Она продолжала застегивать крючки и пуговицы, пока он произносил эту речь. Когда он сказал все, что мог сказать, она сидела молча некоторое время. Но выражение гнева в ее глазах сменилось каким-то удивлением. Она кончила одеваться, а он стоял неподвижно, положив руки на бедра, и смотрел на нее, словно ожидая ответа. Она посмотрела на его голую фигуру, застывшую в неестественной позе. Лицо ее смягчилось. Она сделала было движение к нему, но потом опять села на кушетку.
— Теодор, милый, — сказала она. — Ведь я люблю тебя. Я хочу сказать тебе это. Я всегда любила тебя. С тех пор, как ты пришел к нам пить чай. Помнишь? Когда Тедди привел тебя к чаю? С пляжа… Я совсем не хотела обидеть тебя, когда говорила. Не обращай на это внимания. Но я ничего не понимаю — все на свете оказывается не таким, как я ожидала. И это, это тоже…
Она сидела, опустив глаза, глядя в пол. Казалось, она глубоко задумалась.
— Я часто мечтала об этом. То есть о тебе. О том, что ты влюбишься в меня. Может быть, я была совсем не так холодна, как ты думал. А теперь мне кажется, что это уж не так важно, совсем не так важно. Как будто все, что мы тогда считали прекрасным, перестало быть таким прекрасным. Эта война все как-то совершенно исказила… Ах, как все это противно! — воскликнула она.
Ей хотелось что-то объяснить, но она не находила слов.
— Прошлой ночью мне приснился глупый сон… Ведь от снов никуда не денешься. Мне снилось, будто ты изменился. Это был ты, но как будто из зеленого стекла. И ты делал… что-то странное… не важно, что. Такой нелепый сон. Мне казалось, будто я вижу все в тебе и сквозь тебя. И твое милое лицо уже было не похоже на твое лицо — сквозь него было что-то видно. Ну, все равно! Я не могу рассказать этого. Это не было похоже на тебя. И все-таки целый день сегодня это не выходит у меня из головы. Если я была сегодня не такая, как всегда… Но, слушай, Теодор, конечно, я и теперь люблю тебя. Я должна любить тебя. Мы всегда любили друг друга. Мы оба. И ничто не может этого изменить, хоть бы двадцать войн. Я всегда говорила, — так должно быть. И вот что получается. Я одета, а ты стоишь раздетый, и мы говорим друг Другу речи. Длинные речи. Разве мы с тобой об этом мечтали?

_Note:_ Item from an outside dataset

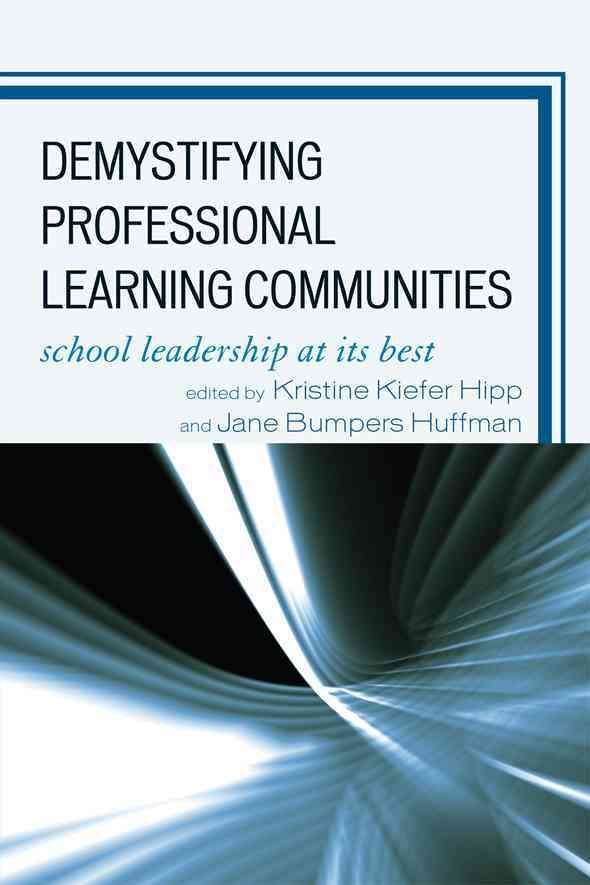 Demystifying Professional Learning Communities By Kristine Kiefer Hipp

— Но тогда почему же ты всегда на стороне тех, кто нападает на меня? Почему ты стараешься переубедить меня? Говоришь мне такие ужасные вещи?
— Но я вовсе не нападаю на тебя. Просто я не могу думать иначе — по-моему, война — это что-то такое чудовищное и бессмысленное, что мириться с этим нельзя. Ну что я могу с собой поделать?
— Надо набраться мужества, — сказал Теодор.
— И бороться против войны, — подхватила Маргарет.
— Нет, на войне.
— Ах, опять…
И пропасть, разделявшая их, снова открылась.
Они замолчали в глубоком смущении. Вдруг она поднялась и протянула к нему руки, и он обнял и прижал ее к себе.
— Мой Теодор! — сказала она, целуя его. — Мой Теодор, с пушистыми волосами и янтарными глазами.
На мгновение все растворилось в любви и нежности.
— Любимый мой, — говорила она. — Мой самый, самый дорогой, любимый Теодор. Но что же это случилось с нами? Что на нас нашло? Стоит нам только встретиться, как мы начинаем ссориться, но ведь мы же любим друг друга.
Ее вопрос остался без ответа. И ведь нельзя всю жизнь держать друг друга в объятиях.
— Мне пора идти.
— Тебе пора идти. Но ты придешь?
— Приду.
— Завтра?
— Завтра.
Он горячо поцеловал ее.
— Прощай, моя дорогая. Любимая, прощай.